BEGIN
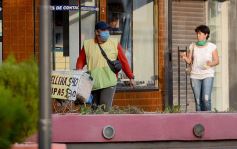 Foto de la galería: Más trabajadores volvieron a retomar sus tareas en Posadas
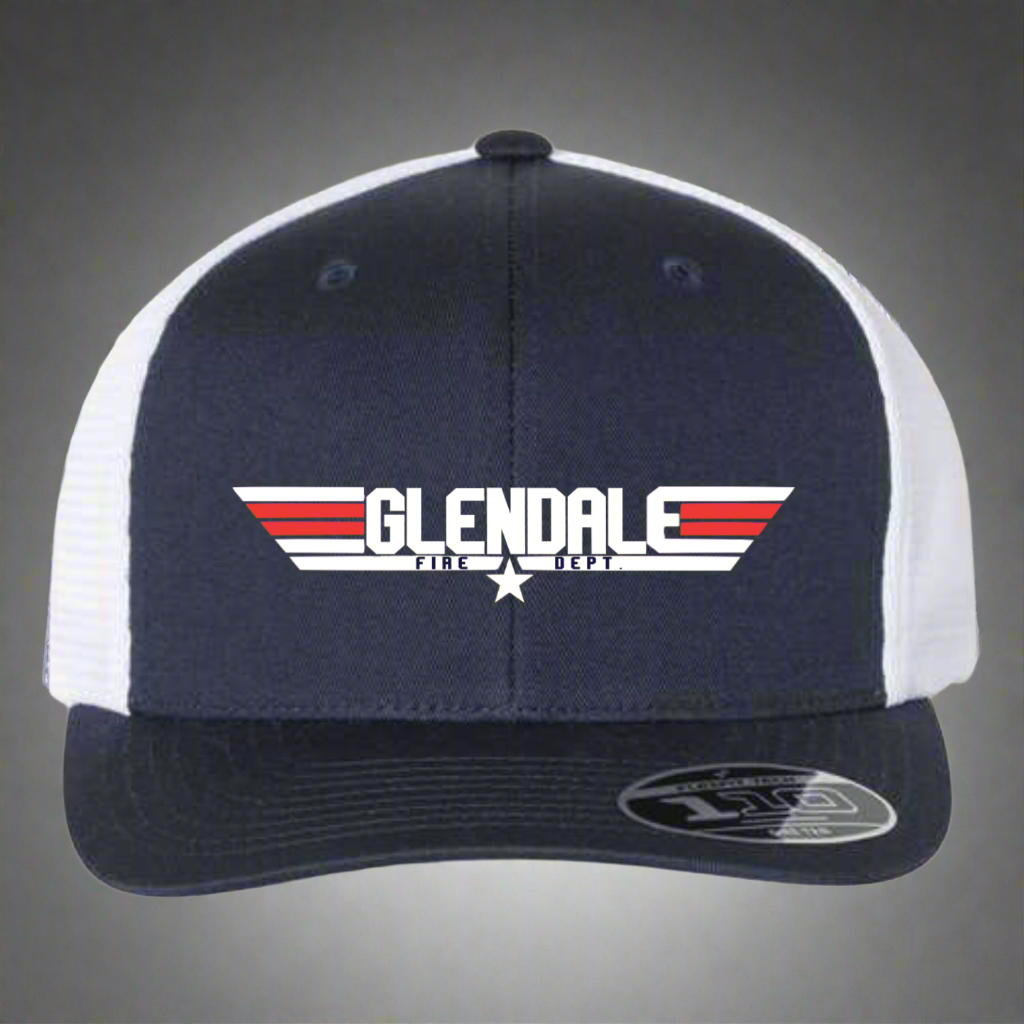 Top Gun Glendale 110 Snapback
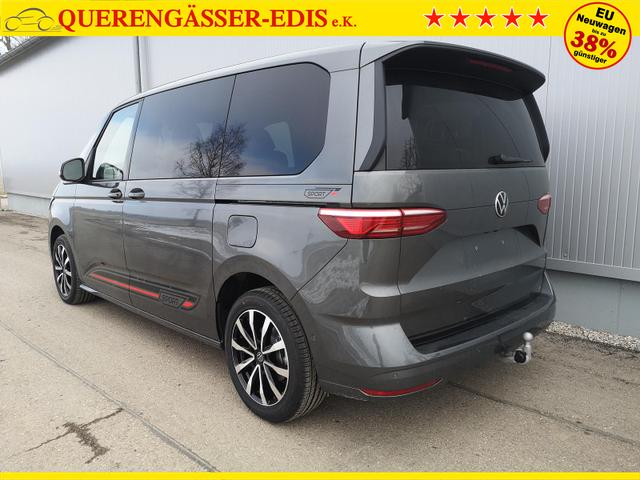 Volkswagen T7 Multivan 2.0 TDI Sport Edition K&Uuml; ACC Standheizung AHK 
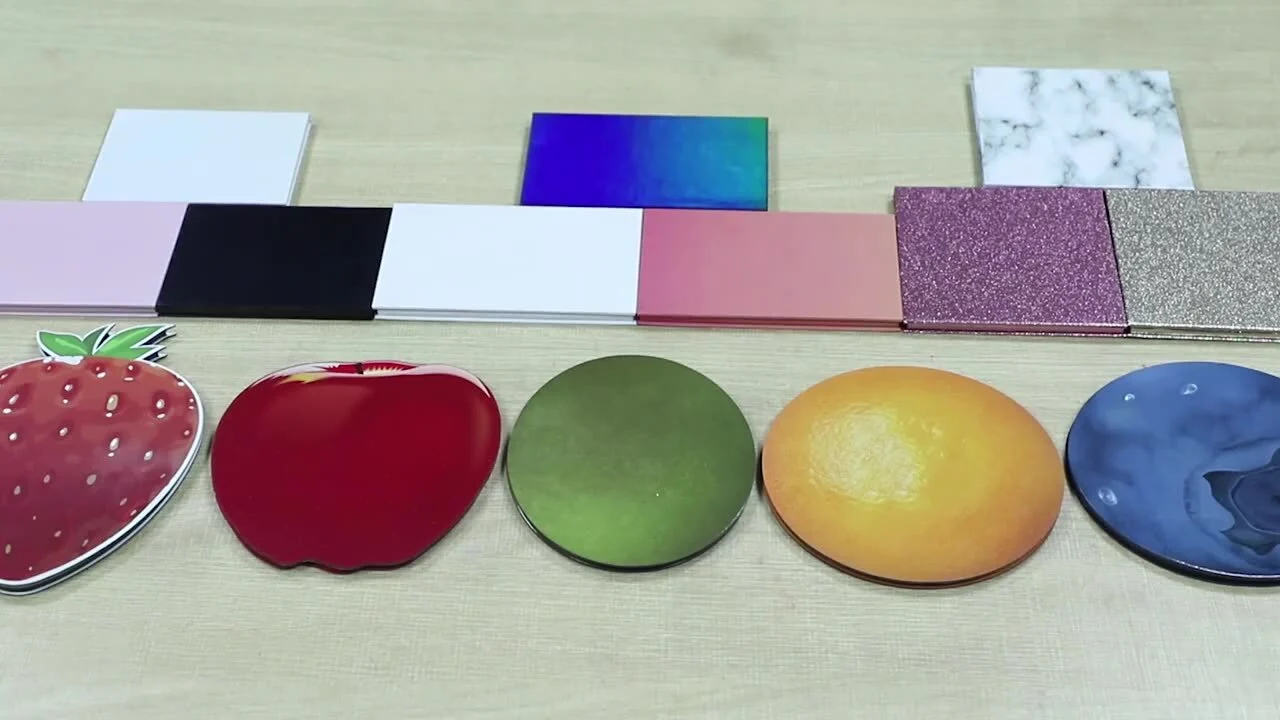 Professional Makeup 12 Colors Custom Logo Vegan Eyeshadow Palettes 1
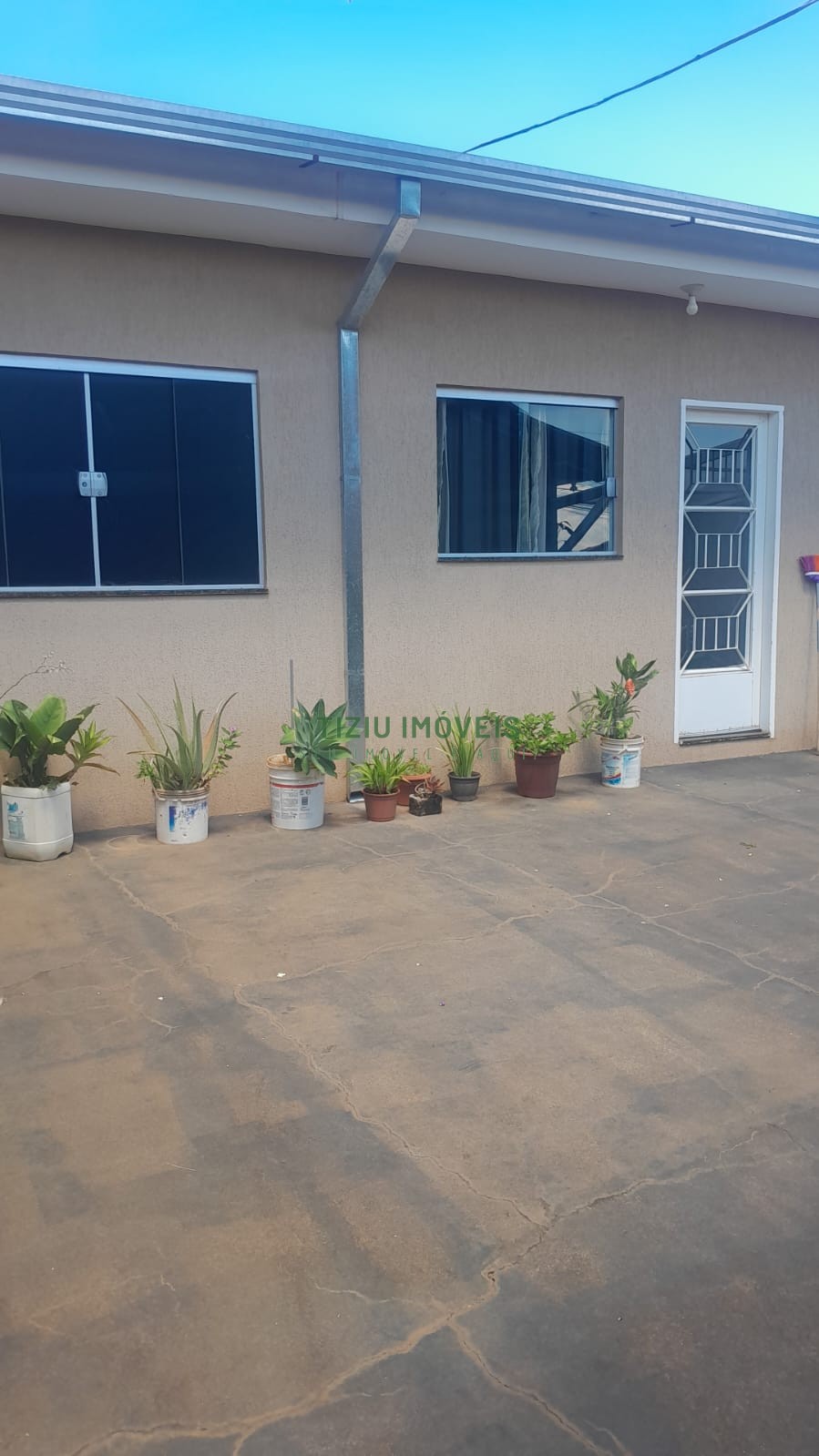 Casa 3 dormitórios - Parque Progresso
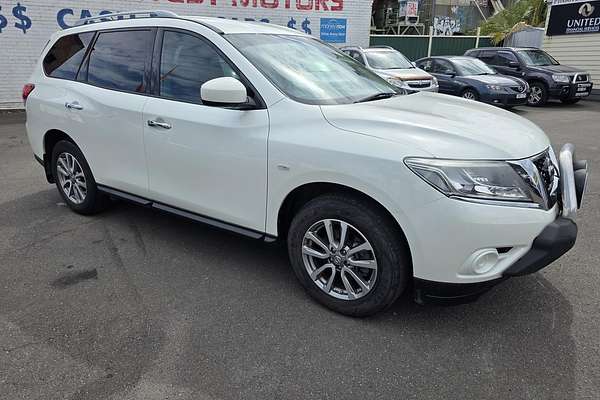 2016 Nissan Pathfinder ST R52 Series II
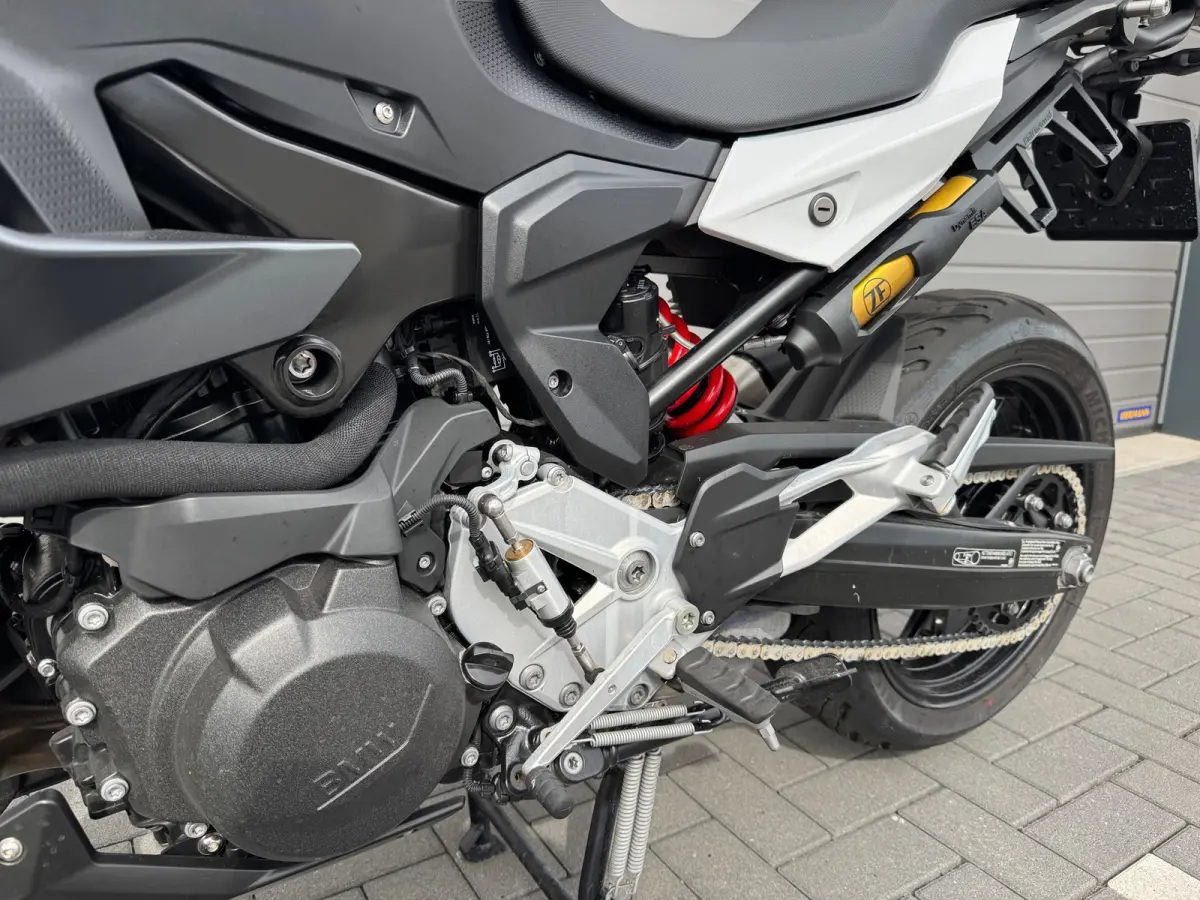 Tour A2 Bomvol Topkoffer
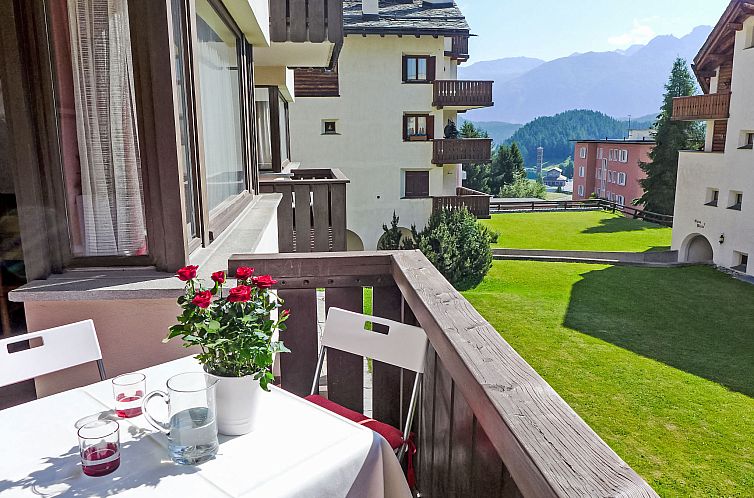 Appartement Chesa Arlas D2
END
> _Task item_
Beginning at the line that contains "Top Gun Glendale 110 Snapback", transcribe it and every later line through the last line of the data above, exactly, and drop the pictures.

> _Finished task_
 Top Gun Glendale 110 Snapback
 Volkswagen T7 Multivan 2.0 TDI Sport Edition K&Uuml; ACC Standheizung AHK 
 Professional Makeup 12 Colors Custom Logo Vegan Eyeshadow Palettes 1
 Casa 3 dormitórios - Parque Progresso
 2016 Nissan Pathfinder ST R52 Series II
 Tour A2 Bomvol Topkoffer
 Appartement Chesa Arlas D2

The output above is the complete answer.